A fund ・ ・ ・ 2011 plus 10%
2012 minus 70%
2013 plus 60%
2014 plus 80%

B fund ・ ・ ・ 2011 plus 10%
2012 plus 10%
2013 plus 10%
2014 plus 10%

If you simply calculate by addition
Fund A: 10-70 + 60 + 80 = 80%
B fund: 10 + 10 + 10 + 10 = 40%
Therefore, it seems that the A fund is the better fund.
However, this is the magic of numbers and it doesn’t really look like this.
What actually happens is
Fund A: 1.1 x 0.3 x 1.6 x 1.8 = 0.9504
B fund ・ ・ ・ 1.1 × 1.1 × 1.1 × 1.1 = 1.4641
At first glance, the A fund looks gorgeous, but in reality it is about -5%, which is a loss of principal.
On the other hand, the B fund looks modest at first glance (although it’s great to continue to return 10% a year), but it’s up about 46%, so it’s not bad at all.
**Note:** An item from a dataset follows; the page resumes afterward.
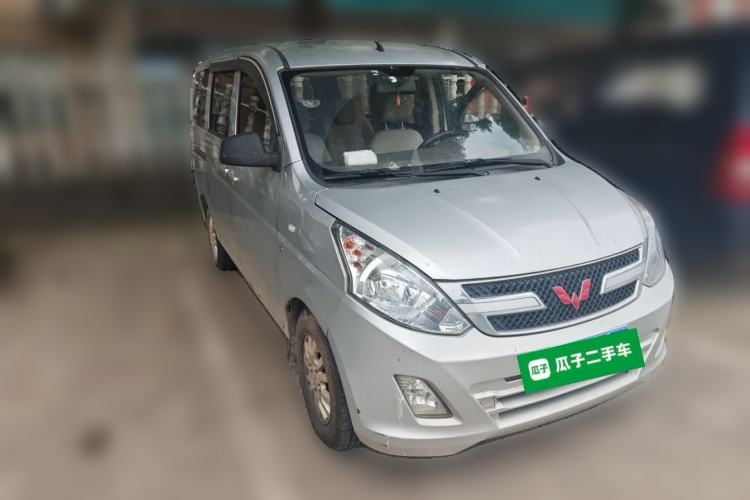 Used Wuling Rongguang V 2016 1.5L Practical Version Front Right 45 Deg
Also, if the return of 10% this year continues for a certain period or more, the longer the period, the greater the number even with the power of compound interest, I think you can understand well by calculation.
Extreme numbers are used here, but when considering long-term operation, it is one way to emphasize that there is no minus than glitz, and even if there is, the price range is small. think.
It is best if you can buy A fund at Don Pisha immediately after minus 70%, but if you can aim for it, no one will have a hard time (^ _ ^;)
If you look back on what you actually did during the Lehman shock, you might find something interesting because you can see the difference between what you think in your head and what you actually did.
Rather than aiming for a big hit, I feel that it is possible to go farther by steadily stacking up in a hurry.